What you will do: Your answer should be the lines below from the one with "One of the best" to the one with "Hey there DevSquad, Virtus", both included, given again exactly and with nothing added.

Working data:
★ ★ ★ ★ ★

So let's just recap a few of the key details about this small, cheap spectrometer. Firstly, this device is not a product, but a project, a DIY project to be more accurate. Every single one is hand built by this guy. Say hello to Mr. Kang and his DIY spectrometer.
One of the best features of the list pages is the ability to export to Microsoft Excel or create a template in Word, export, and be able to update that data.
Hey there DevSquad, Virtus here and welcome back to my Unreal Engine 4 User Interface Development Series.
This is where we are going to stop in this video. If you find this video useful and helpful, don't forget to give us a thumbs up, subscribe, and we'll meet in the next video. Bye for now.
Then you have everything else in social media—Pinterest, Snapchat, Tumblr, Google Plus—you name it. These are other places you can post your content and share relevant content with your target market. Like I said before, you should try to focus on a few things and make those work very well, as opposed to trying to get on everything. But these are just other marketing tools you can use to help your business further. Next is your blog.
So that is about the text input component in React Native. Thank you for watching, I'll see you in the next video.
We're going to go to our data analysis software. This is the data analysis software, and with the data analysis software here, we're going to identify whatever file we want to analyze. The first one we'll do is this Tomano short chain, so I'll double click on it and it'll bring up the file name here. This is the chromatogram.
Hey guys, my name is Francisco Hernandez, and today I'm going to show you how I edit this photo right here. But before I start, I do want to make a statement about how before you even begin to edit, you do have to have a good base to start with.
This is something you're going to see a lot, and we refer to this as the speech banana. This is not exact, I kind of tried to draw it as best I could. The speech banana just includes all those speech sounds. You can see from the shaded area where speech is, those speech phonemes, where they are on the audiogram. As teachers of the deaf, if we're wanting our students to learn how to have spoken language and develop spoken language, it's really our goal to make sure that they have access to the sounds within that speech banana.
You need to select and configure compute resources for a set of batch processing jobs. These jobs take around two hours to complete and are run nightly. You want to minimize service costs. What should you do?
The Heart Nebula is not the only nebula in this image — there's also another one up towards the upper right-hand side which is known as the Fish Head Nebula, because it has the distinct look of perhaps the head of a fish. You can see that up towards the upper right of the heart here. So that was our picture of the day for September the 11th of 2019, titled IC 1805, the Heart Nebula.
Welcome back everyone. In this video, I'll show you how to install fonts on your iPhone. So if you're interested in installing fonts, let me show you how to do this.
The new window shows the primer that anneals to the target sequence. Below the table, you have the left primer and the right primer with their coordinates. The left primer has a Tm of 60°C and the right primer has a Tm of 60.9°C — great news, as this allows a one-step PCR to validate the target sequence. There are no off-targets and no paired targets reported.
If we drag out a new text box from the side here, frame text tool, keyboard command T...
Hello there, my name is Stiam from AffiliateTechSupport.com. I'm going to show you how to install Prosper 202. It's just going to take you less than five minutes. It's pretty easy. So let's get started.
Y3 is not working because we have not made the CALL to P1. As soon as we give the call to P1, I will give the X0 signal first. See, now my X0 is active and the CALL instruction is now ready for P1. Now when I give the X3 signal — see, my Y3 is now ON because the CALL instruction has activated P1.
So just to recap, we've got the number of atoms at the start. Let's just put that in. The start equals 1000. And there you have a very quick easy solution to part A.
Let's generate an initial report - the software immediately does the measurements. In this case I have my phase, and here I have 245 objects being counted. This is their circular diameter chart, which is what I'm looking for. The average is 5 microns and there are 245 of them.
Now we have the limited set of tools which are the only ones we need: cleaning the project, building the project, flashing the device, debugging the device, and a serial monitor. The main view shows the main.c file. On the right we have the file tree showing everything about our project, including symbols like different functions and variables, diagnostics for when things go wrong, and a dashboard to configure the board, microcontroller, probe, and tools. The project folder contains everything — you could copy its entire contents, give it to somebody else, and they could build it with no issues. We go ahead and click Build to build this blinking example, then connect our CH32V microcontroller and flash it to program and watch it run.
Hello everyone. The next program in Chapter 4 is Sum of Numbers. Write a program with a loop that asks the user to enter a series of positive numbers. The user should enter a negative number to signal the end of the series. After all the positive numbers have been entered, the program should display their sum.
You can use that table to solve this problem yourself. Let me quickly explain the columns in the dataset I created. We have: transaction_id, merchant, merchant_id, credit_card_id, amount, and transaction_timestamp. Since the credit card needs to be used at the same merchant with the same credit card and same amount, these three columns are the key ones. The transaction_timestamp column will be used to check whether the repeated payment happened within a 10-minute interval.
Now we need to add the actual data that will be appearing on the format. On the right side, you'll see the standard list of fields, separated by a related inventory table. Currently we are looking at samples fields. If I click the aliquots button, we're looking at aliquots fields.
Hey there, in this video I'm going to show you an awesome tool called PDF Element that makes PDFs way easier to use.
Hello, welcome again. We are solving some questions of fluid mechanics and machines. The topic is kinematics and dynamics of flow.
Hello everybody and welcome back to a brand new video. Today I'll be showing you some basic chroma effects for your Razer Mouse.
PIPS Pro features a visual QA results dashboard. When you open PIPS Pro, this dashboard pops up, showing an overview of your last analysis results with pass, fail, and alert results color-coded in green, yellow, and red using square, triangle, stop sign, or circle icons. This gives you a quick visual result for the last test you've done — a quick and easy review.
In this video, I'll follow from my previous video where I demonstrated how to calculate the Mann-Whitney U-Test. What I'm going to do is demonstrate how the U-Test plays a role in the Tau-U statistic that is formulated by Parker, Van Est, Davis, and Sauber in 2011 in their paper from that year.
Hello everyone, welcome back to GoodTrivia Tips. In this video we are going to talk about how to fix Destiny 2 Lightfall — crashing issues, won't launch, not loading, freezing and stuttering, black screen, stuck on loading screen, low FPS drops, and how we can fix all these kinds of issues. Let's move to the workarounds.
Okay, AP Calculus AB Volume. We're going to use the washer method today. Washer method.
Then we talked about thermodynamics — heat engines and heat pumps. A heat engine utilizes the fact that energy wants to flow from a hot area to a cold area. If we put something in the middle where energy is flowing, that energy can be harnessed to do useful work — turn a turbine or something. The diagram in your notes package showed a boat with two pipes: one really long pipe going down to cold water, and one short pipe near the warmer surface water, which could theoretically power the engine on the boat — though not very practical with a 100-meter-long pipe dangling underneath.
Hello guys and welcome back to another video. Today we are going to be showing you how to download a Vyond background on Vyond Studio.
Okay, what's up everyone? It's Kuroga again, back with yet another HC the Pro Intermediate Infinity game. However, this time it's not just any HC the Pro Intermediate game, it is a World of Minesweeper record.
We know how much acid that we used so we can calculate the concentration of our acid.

★ ★ ★ ★ ★

Reply:
One of the best features of the list pages is the ability to export to Microsoft Excel or create a template in Word, export, and be able to update that data.
Hey there DevSquad, Virtus here and welcome back to my Unreal Engine 4 User Interface Development Series.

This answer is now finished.